If the model is fully trained through the loss above, it should satisfy $r(y_w)-r(y_l)\to+\infty$, so $\pi(y_w)=1$ and $\pi(y_l)=0$ must hold. Now, in the RL stage of RLHF, KL-divergence is used as the regularizer, and if data where $\pi(y_l)=0$ is used, then $D_{KL}\to\infty$.

Therefore, the Reward model must inevitably be underfit. This is content that also appears in the RLHF paper, where it’s stated that if you train the Reward model too much, training stability drops.

But in the case of DPO, it uses the Bradley-Terry Preference model and there’s no separate regularizer like the KL-divergence in the RL process, so the argument is that training stability can drop. In other words, there’s no way to prevent the reward model from being trained excessively.

So IPO solves this problem by using a loss function that uses MSE instead of the existing reward model loss function that used sigmoid. The paper provides a lengthy proof of why it’s okay to use this loss. If you’re curious… I recommend reading the paper.

IPO reward
\[\mathcal{L}_{IPO}(\pi_\theta; \pi_{\text{ref}}) = \mathbb{E}_{(x,y_w,y_l) \sim D}\left[ \left( \log \frac{\pi_\theta(y_w | x)}{\pi_{\text{ref}}(y_w | x)} - \log \frac{\pi_\theta(y_l | x)}{\pi_{\text{ref}}(y_l | x)} -\frac{1}{2\beta}\right)^2 \right]\]
In any case, if we analyze this loss too, fundamentally it can be seen as 1) raising the likelihood of positive samples, 2) lowering the likelihood of negative samples, and 3) keeping the difference from becoming too large—only large enough that the difference equals the sum of the difference of the reference samples’ likelihoods and $\frac{1}{2\beta}$.
Experimental results

The graph above is a training curve for preference data in the order y1 > y2 > y3.
- DPO greedily overfits to generate only y1, but IPO leaves room to generate y2 and y3 depending on the case. In other words, it can avoid overfitting to a greedy policy.
- With DPO, an output that never won has prob. 0, but with IPO even an output that never won doesn’t have prob. 0. That is, the prob of y2 doesn’t become 0.
Why does this matter? In the real world, there are human annotation errors, so it happens quite often that high-quality data that should have won never wins. In such cases, DPO drives the probability of that response to 0, but IPO guarantees a certain amount of probability. In other words, overfitting due to annotation error can be appropriately resolved through the sampling approach.

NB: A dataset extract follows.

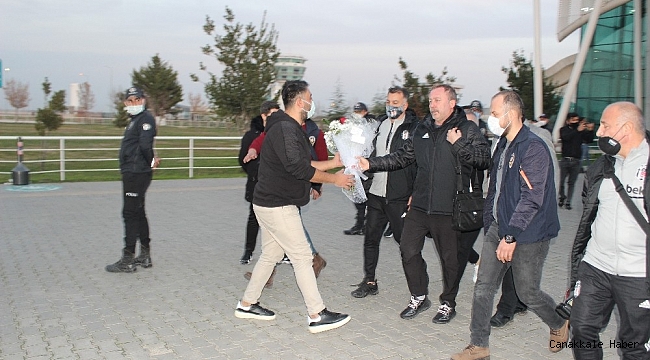 Beşiktaş Hatay'a geldi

This paper newly proposed a method that can solve DPO’s overfitting problem. Interestingly, there’s no separate evaluation showing the win rate went up or that it worked well on some task. So it’s hard to know how good a method it is without doing additional experiments. But since it’s Deepmind, it might be worth giving it the benefit of the doubt… (this is my personal opinion)

RRHF (Alibaba)

Alibaba also released a high-performance LLM called Qwen in 2023. This model is one frequently found on the Open-LLM leaderboard, which compares the performance of open-source LLMs. In particular, since it has strengths in Chinese compared to other Big Tech LLMs, it seems to be used quite a lot. Through the RRHF: Rank Responses to Align Language Models with Human Feedback without tears (Yuan et al., 2023) paper, Alibaba proposed a method that uses ranking loss.

Like SLiC-HF, DPO, and IPO explained above, this is a method that can be trained without a separate value model, reward model, or reference model. However, it differs in that rather than pair data composed of win/loss, it ranks multiple responses and uses that. (In fact, OpenAI’s RLHF also used ranking rather than pairs. But most open-source data is pairs, because they’re easier to annotate.)

RRHF loss
\[p_i = \frac{ \log P_{\pi} (y_{i\geq t} | x, y_{i,<t})}{\| y_i \|}\] \[L_{\text{rank}} = \sum_{r_i < r_j} \max(0, p_i - p_j)\]
These two expressions are the Ranking loss used in RRHF. Put simply, it makes the likelihood of a higher-ranked sample higher than the likelihood of a lower-ranked sample. If you just think of it as pair-structured data, it’s identical to the hinge-loss used in SLiC-HF but without using a margin.
\[i' = \underset{i}{\mathrm{argmax}} \ r_i \newline L_{ft} = -\sum_{t} \log P_{\pi} (y_{i',t} | x, y_{i',<t})\]
It doesn’t stop there—a fine-tuning loss was added. Among the collected data, the SFT loss is applied only to the highest-ranked data. It would be a waste to use the highest-ranked data only for preference optimization. (This is actually a type of method called Rejection-sampling, which I’ll cover in Part 3.)
\[L=L_{rank}+L_{ft}\]
Combining the two losses, we get the final loss function.
Experimental results

For a fair comparison with PPO, they used PPO’s reward model to rank the data and ran RRHF using that data. As a result, the win_rate increased ever so slightly compared to PPO.

Also, a model that generated data using the RRHF-trained model, re-ranked it, and ran one more RRHF iteration ($\text{RRHF}{\text{IP-2}}$) performed better than a model that ran RRHF only once ($\text{RRHF}{\text{DP}}$).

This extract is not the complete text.